消費税は年間1000万以上の所得に対して課税されます。
上記プランのような低圧発電所1基のみであれば、年間収入は最大でも300万未満になりますので、消費税が課税されることはありません。

6.まとめ

税金のことも織り込んだ発電計画を!
以上が、一般的な太陽光発電に掛かる税金のまとめとなります。
あくまで弊社調べによるものですので、実際に発電所を建設される場合は、必ず管轄の税務署や税理士さん、そして市役所にお問い合わせてご確認ください。

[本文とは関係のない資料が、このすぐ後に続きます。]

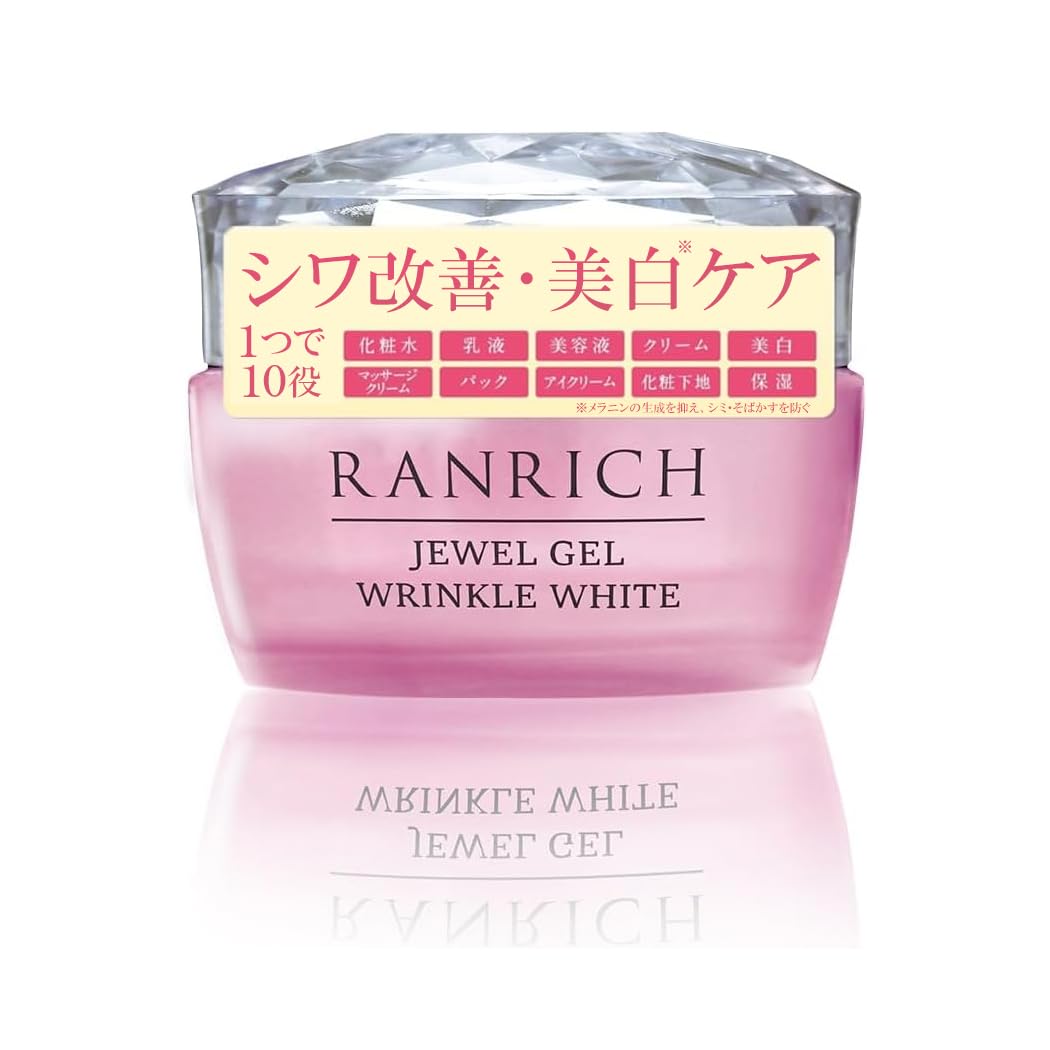 Amazon.co.jp: 健康家族 RANRICH 薬用オールインワン 宝石ジェル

同じ税制でも管轄となる地域によって変わる場合があります。
また、上記の表では経費計上や借入利息の控除などといった節税を行っていない計算になります。
実際には、税務署や税理士さん、或いは自治体と相談していただくことで、効果的な節税策の提案が受けられる筈です。
太陽光発電事業にかかる税金は、収入計画に対して多いと思われる方も、意外と少ないと思われる方も居られるかとは存じますが、予めどのくらいの税金がかかるのかを把握し、シミュレーションと合わせてご確認いただくことで、より堅実な計画に役立てていただければと存じます。